── Dataset records

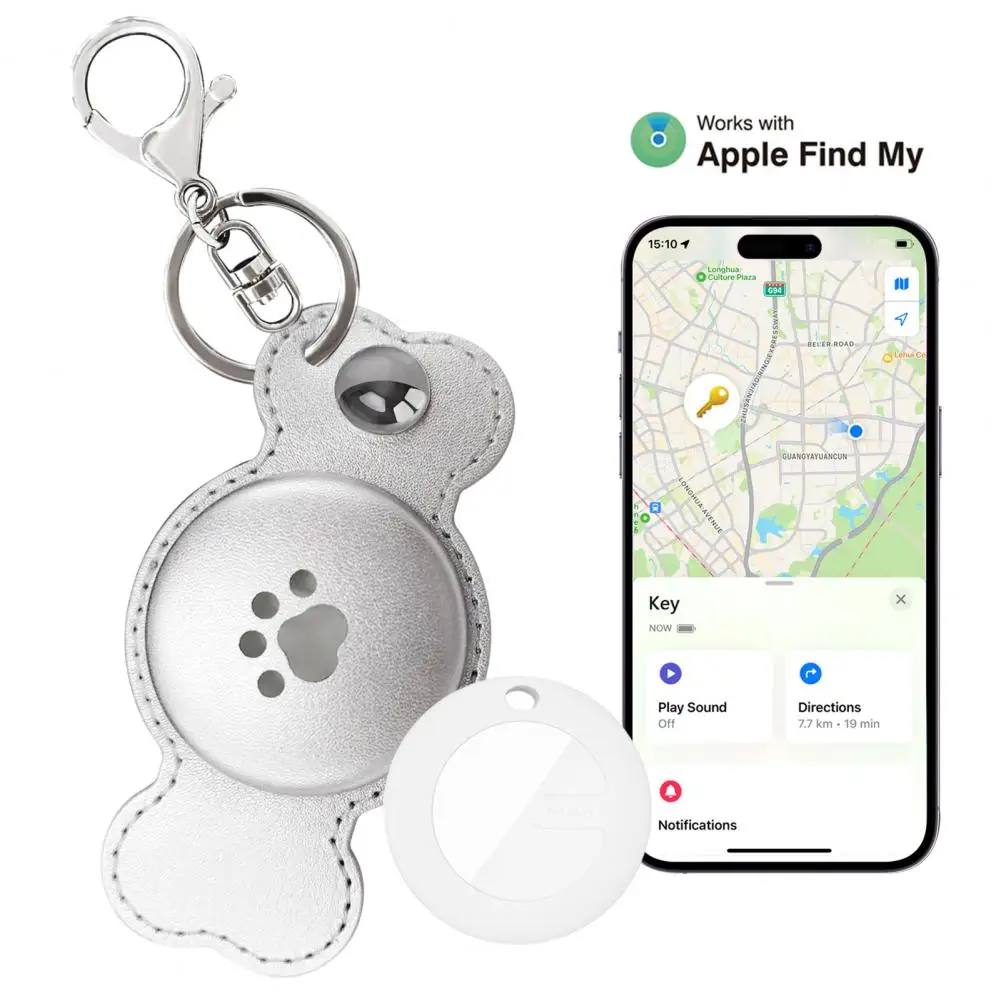 Pet GPS Tracker Smart Dog Cats Tracker Anti-lost Alarm Wireless Child Bag Wallet Key Finder Locator for IOS14.5/IPhone6S Above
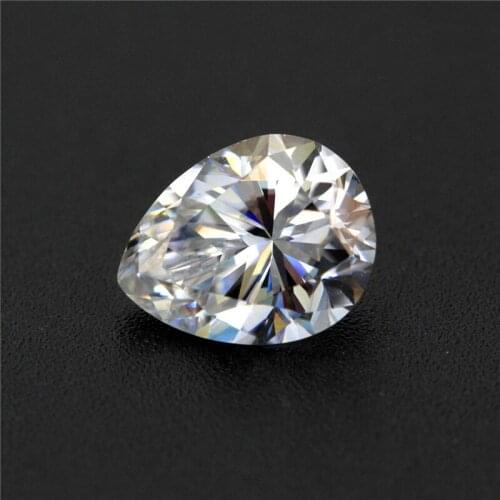 DVVS white Color Pear Cut moissanites diamond 1ct-6ct 1pcs moissanites for making rings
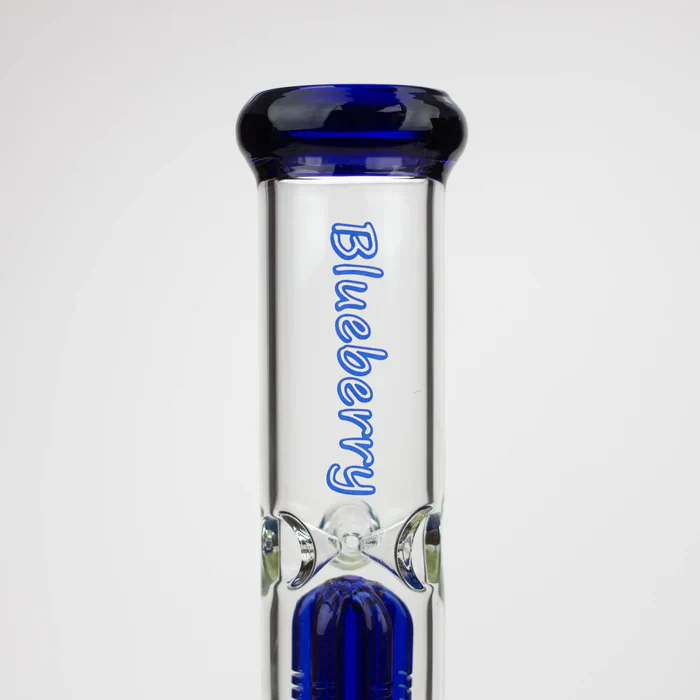 Blueberry 15" Dual Tree Percolator Beaker Bong - Image 4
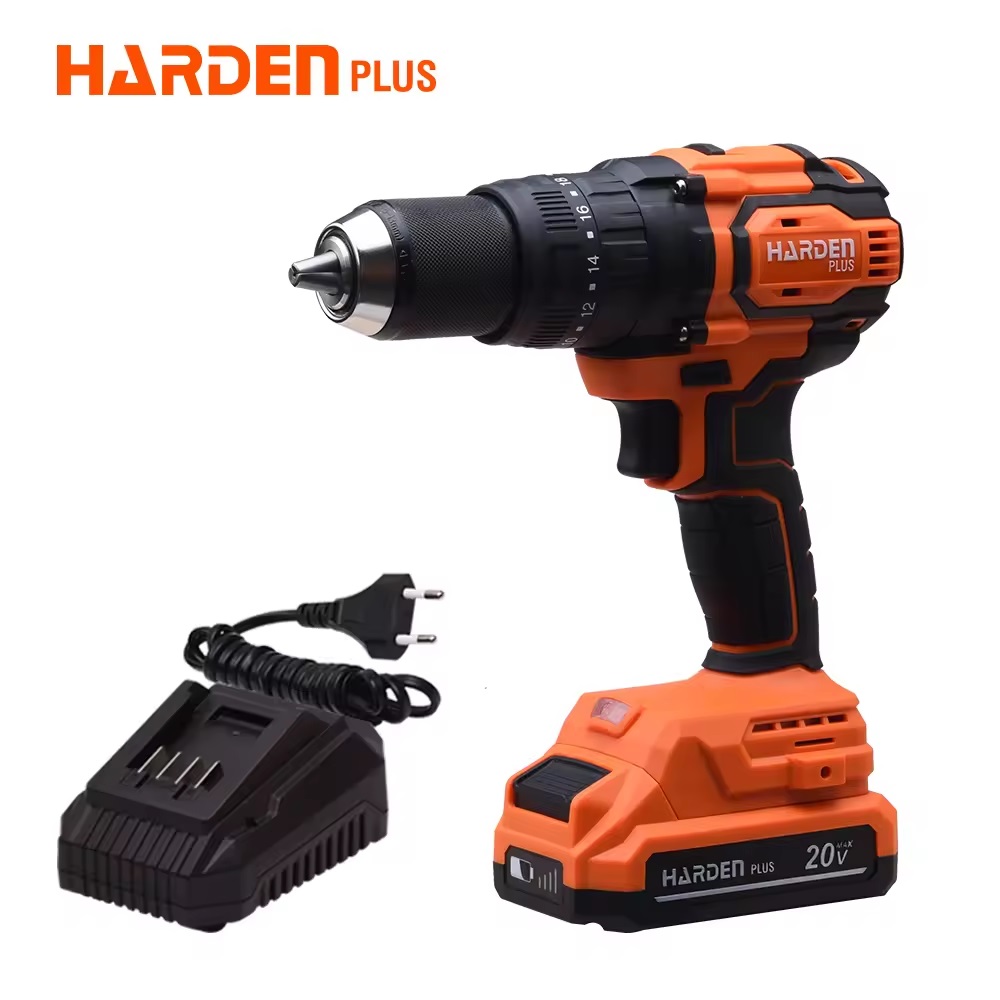 HARDEN 20V Brushless Cordless Drill/Driver | 80Nm High Torque | 2-Speed | 2000mAh Battery | European Plug Charger | Model: 758228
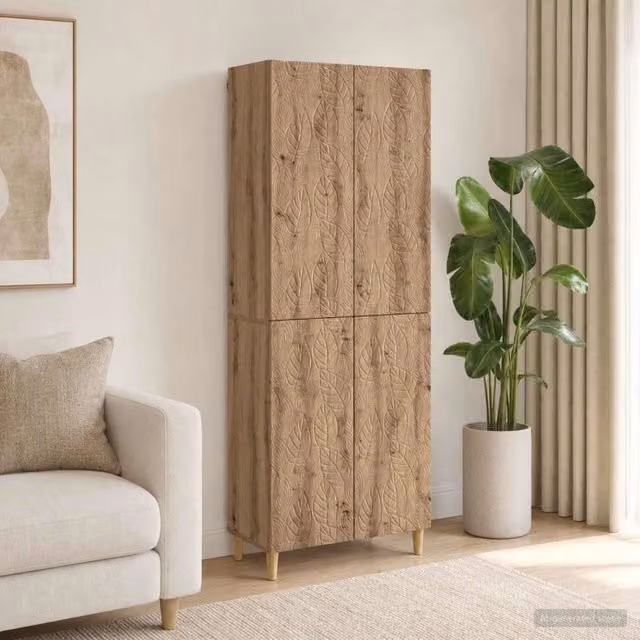 Set di armadi 2 pz Rovere Artigianale Legno ingegnerizzato 3416708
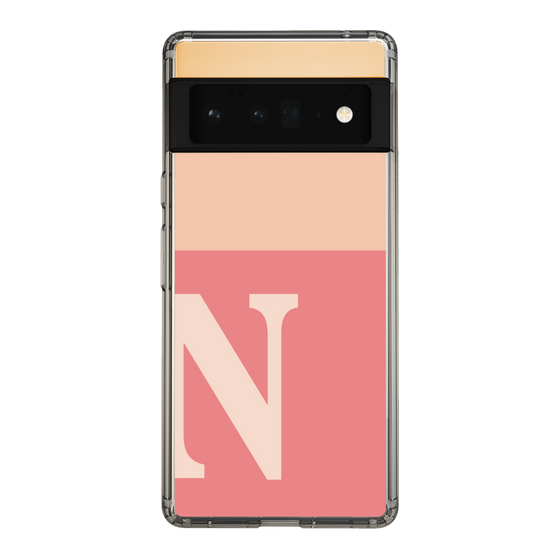 Slim Protection Case［ Original - initial two tone - N pink ］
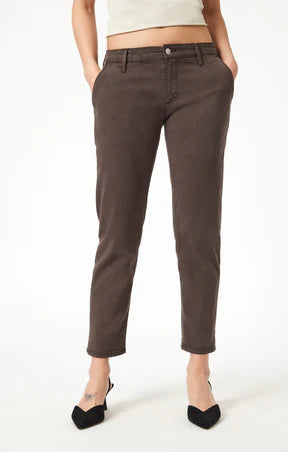 MAVI OAK LUXE TWILL BROOKE SLIM CHINO PANTS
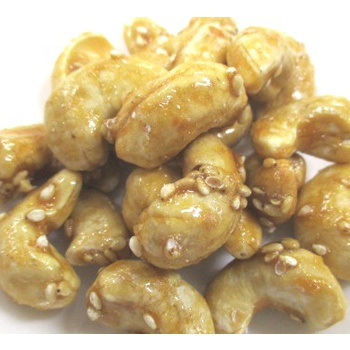 「金沢のこだわり醤油でつくった おいしいナッツ」カシューナッツ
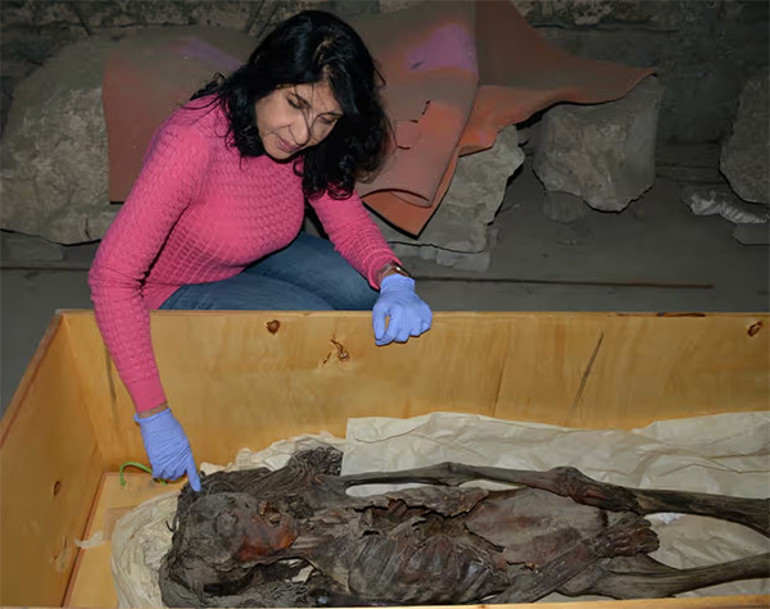 Dünya bu fotoğrafı konuşuyor… 3 bin 500 yıldır çığlık atan mumyanın gizemi…
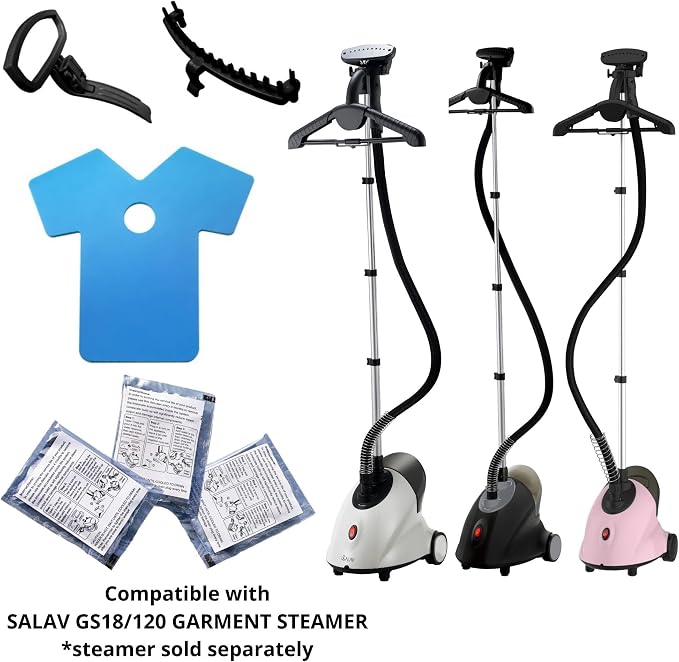 SALAV Accessories Set for GS18 Performance Series Upright Garment Steamer with Roll Wheels For Easy Movement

────

--- Problem requirements ---
Reproduce every record in full. Leave out the images.

--- Result ---
 Pet GPS Tracker Smart Dog Cats Tracker Anti-lost Alarm Wireless Child Bag Wallet Key Finder Locator for IOS14.5/IPhone6S Above
 DVVS white Color Pear Cut moissanites diamond 1ct-6ct 1pcs moissanites for making rings
 Blueberry 15" Dual Tree Percolator Beaker Bong - Image 4
 HARDEN 20V Brushless Cordless Drill/Driver | 80Nm High Torque | 2-Speed | 2000mAh Battery | European Plug Charger | Model: 758228
 Set di armadi 2 pz Rovere Artigianale Legno ingegnerizzato 3416708
 Slim Protection Case［ Original - initial two tone - N pink ］
 MAVI OAK LUXE TWILL BROOKE SLIM CHINO PANTS
 「金沢のこだわり醤油でつくった おいしいナッツ」カシューナッツ
 Dünya bu fotoğrafı konuşuyor… 3 bin 500 yıldır çığlık atan mumyanın gizemi…
 SALAV Accessories Set for GS18 Performance Series Upright Garment Steamer with Roll Wheels For Easy Movement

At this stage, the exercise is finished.